1) For a given $i$, the probability of $E_i$ is exactly $\frac{1}{n}$.

2) If $n$ is large, than these events should be "nearly" independent ($E_i$ occurring means that $\sigma(i) \neq j$, making it a tiny bit more likely that $\sigma(j)=j$, but this shouldn't have much of an effect for large $n$), so we'd expect the probability none of the $E_i$ occur to be roughly $\left(1-\frac{1}{n}\right)^n$.

3) For large $n$, $\left(1-\frac{1}{n} \right)^n \approx \frac{1}{e}$.

Now the last approximation alone already has an error proportional to $\frac{1}{n}$. What's suprising then is that, after working through the inclusion/exclusion, you find that the probability is not just approximately $\frac{1}{e}$, but incredibly close -- the error is less than $\frac{1}{(n+1)!}$.

Is there some alternative intuitive explanation for the $\frac{1}{e}$ asymptotic probability that gives a sense of why the convergence is so fast?

Answer 1

In fact a much stronger $e$-related statement is true: let $X_i$ denote the number of $i$-cycles in a random permutation on $n$ elements. Then for fixed $k$, as $n \to \infty$ the random variables $X_1, X_2, ... X_k$ are asymptotically independently Poisson with rates $1, \frac{1}{2}, ... \frac{1}{k}$. This observation about derangements is a special case applied to $X_1$. See this blog post for details, which proves this fact as a corollary of the exponential formula.
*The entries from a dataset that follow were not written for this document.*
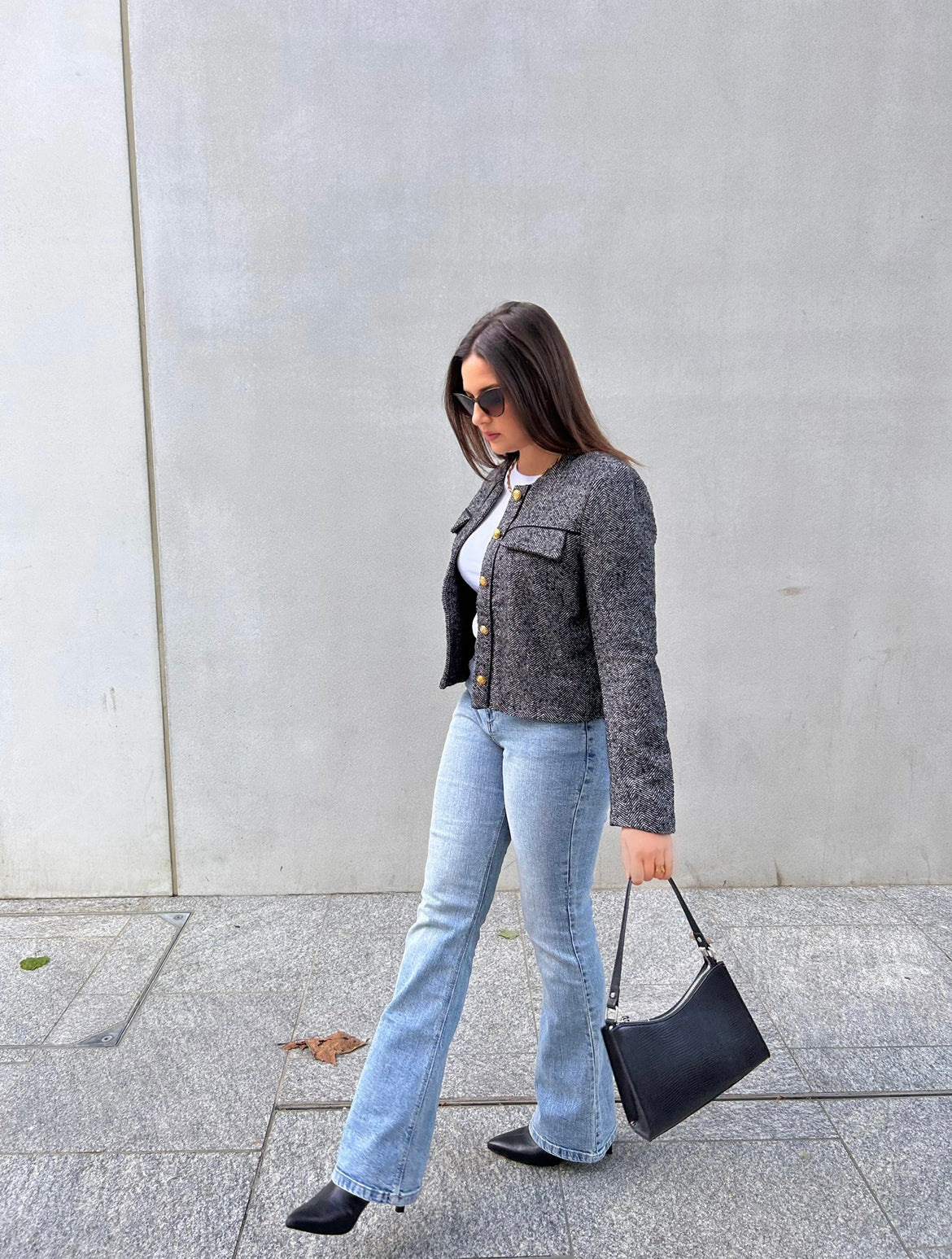 La Veste à Chevrons Noir et Blanc Boutons Dorés
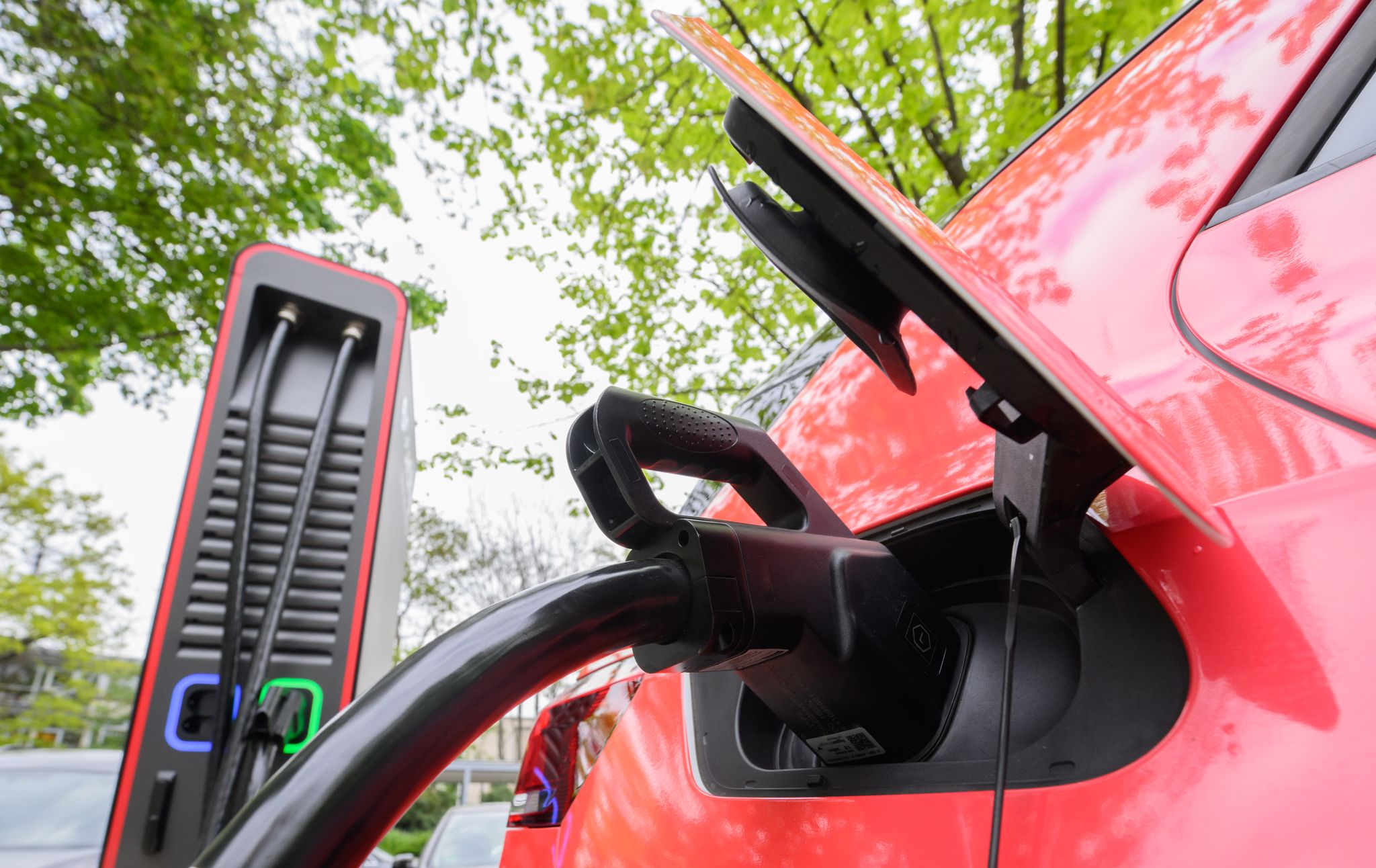 Experten: Der Weg zur Super-Batterie für E-Autos ist lang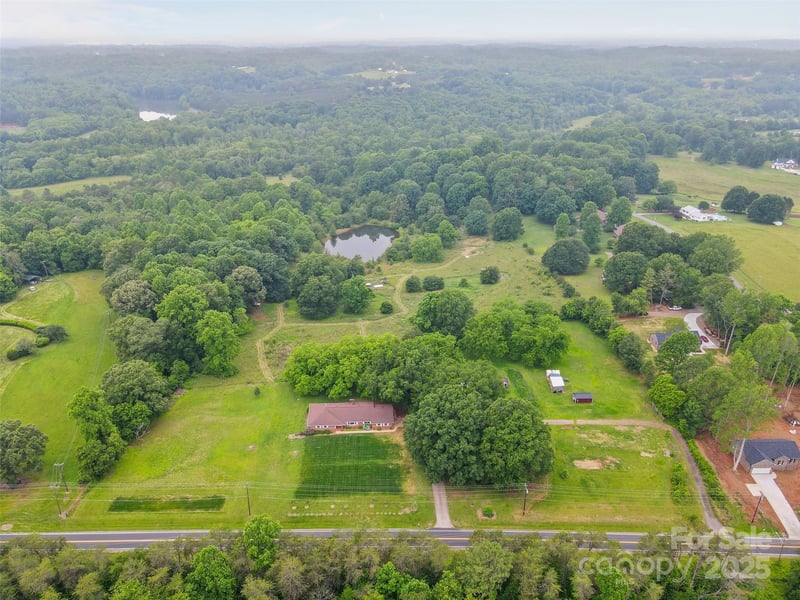 1081 Long Dr, Newton, NC 28658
The convergence rate is presumably also controlled by the exponential formula but I haven't worked out the details.

Answer 2

Note: The convergence is so fast, because the derangement number $D_n$ and the Taylor series expansion of $e^x$ are closely related.

The intuition behind it is (for me) trying to develop a better feeling for the mechanism of the inclusion/exclusion principle, which encodes this relationship.
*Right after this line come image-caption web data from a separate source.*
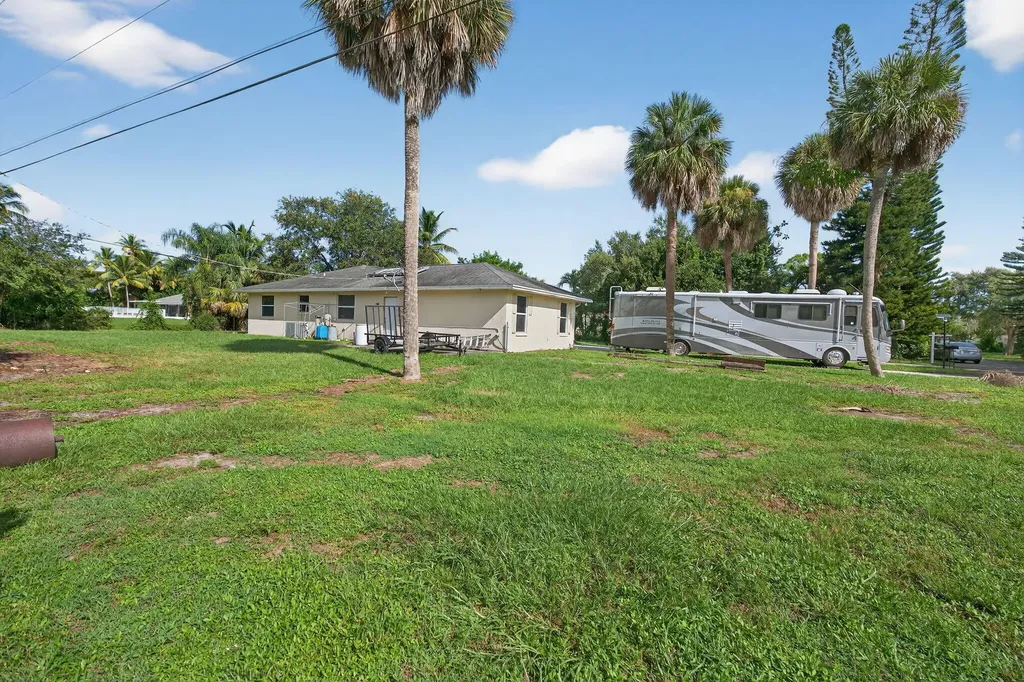 8011 45th Way N Palm Beach Gardens FL 33418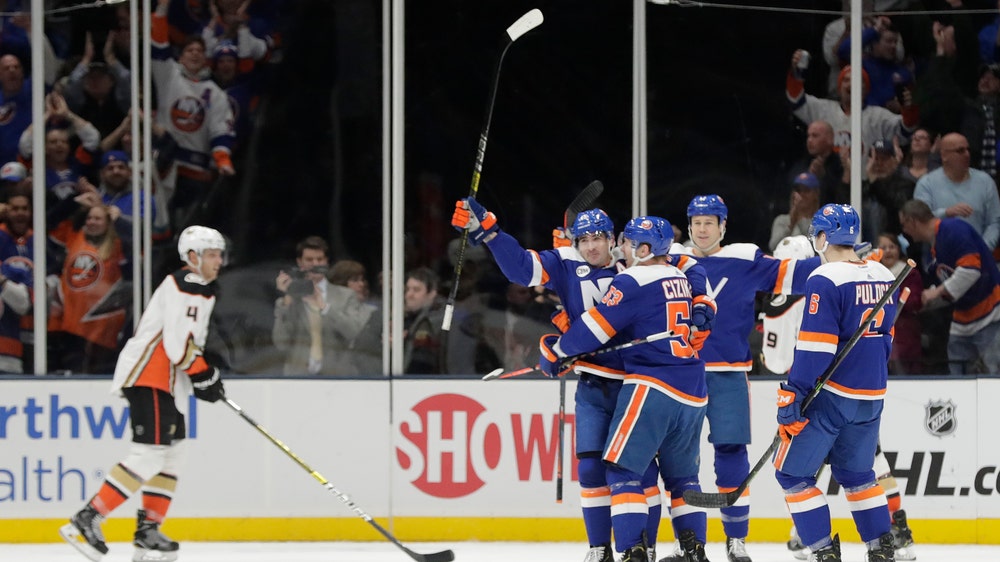 Islanders down Ducks 3-0 for 5th straight win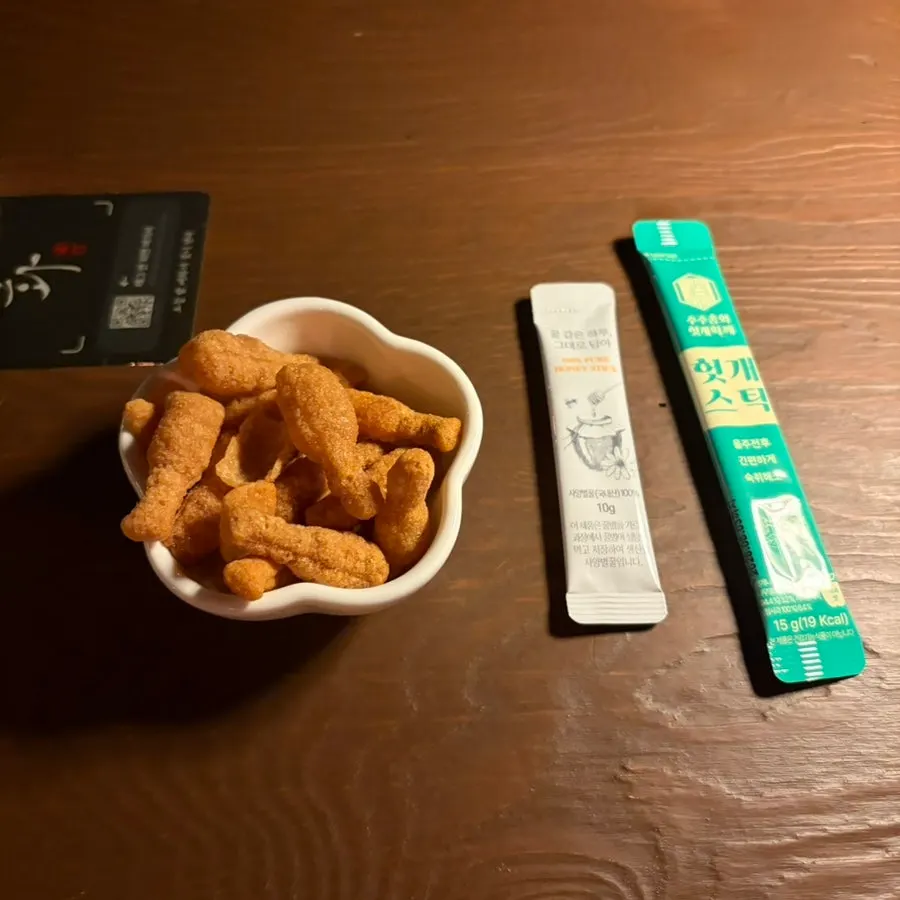 Complimentary chicken-leg-shaped crackers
According to OPs referenced paper we know the derangement number $D_n$ is

\begin{align*} D_n=n!\sum_{j=0}^n(-1)^j\frac{1}{j!} \end{align*} Let's compare it with the Taylor expansion series of $e^x$ at $x=-1$ \begin{align*} \frac{1}{e}=\sum_{j=0}^\infty(-1)^j\frac{1}{j!} \end{align*}

Observe, that $\frac{D_n}{n!}$ is the $n$-th Taylor polynom of $\frac{1}{e}$.

We also note, that the series for $e^{-1}$ satifies the requirement of the alternating series test.
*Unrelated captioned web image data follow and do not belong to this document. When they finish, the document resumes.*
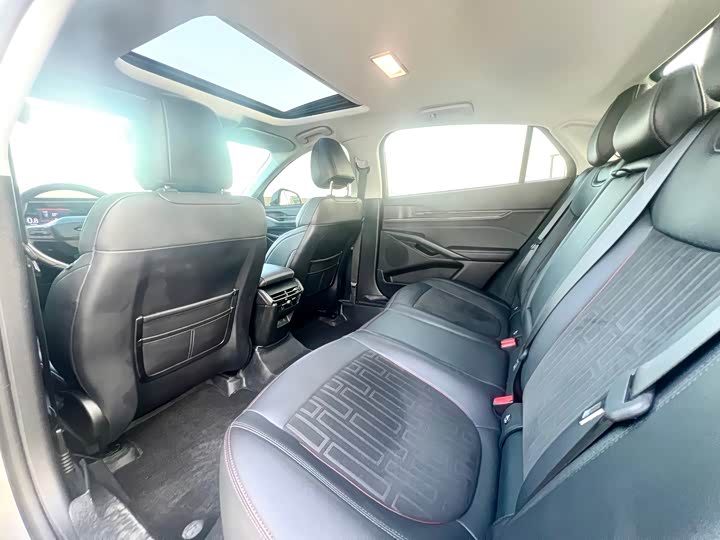 Фото 8 - Ford Mondeo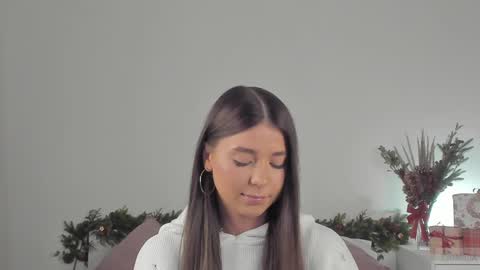 Snapshot of violetta_finch chatting on 01.23.25 violetta_finch online show from 01.23.25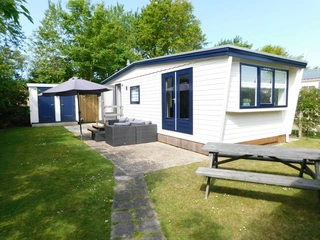 Vrijstaand chalet op een park met omheinde tuin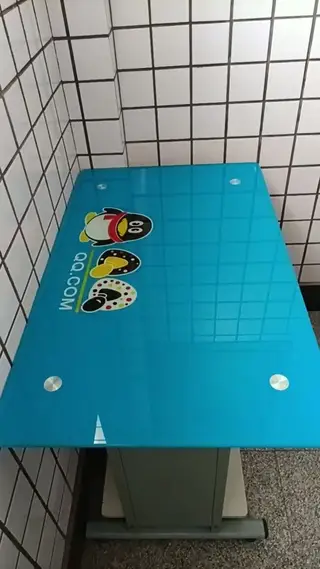 学习桌，楼区自提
• The terms alternate in sign.

• They are decreasing in absolute value.

• They approach $0$.

Therefore applying the alternating series error test we obtain if we stop at the $n$-th term an absolute error less than the $(n+1)$-st term. So, the error is

\begin{align*} \left|\frac{D_n}{n!}-\frac{1}{e}\right|<\frac{1}{(n+1)!} \end{align*}

Note: This and the nice fact that $D_n$ is the nearest integer to $\frac{n!}{e}$ can be found e.g. in Stirling’s Approximation and Derangement Numbers by T. Zaslavsky

Answer 3

I'm not sure this is really better than the inclusion exclusion, but it is different:

Let $d_n$ be the number of derangements. Then we have $$d_n = (n-1) (d_{n-1} + d_{n-2})$$ (see here). Let $p_n = d_n/n!$ be the probability of a derangement. Then $$p_n = \frac{n-1}{n} p_{n-1} + \frac{1}{n} p_{n-2} \ \mbox{which implies} \ p_{n} - p_{n-1} = - \frac{p_{n-1} - p_{n-2}}{n} .$$

So $p_{n} - p_{n-1}$ decays factorially fast, and thus $p_n = \sum_{m=2}^n (p_m - p_{m-1})$ is factorially close to $\sum_{m=2}^{\infty} (p_m - p_{m-1}) = \lim_{n \to \infty} p_n$.

Answer 4

I agree with Quiaochu that your question is very general. In the paper Limits of logarithmic combinatorial structures by Arratia-Barbour-Tavaré, they discuss the conditioning relation. Let $C_1, \dots, C_n$ be the number of "components" of various sizes (e.g. cycles in a permutaiton). Then using conditional probability

$$ \mathbb{P}\big[ C_1 = c_1, \dots, C_N = c_N \big] = \mathbb{P}\big[ Z_1 = c_1, \dots, Z_N = c_N \bigg| \sum_{i=1}^N i Z_i = N \big]$$

where $Z_i$ are independent random variables. Here $N = \sum i Z_i$ is the size of our combinatorial structure.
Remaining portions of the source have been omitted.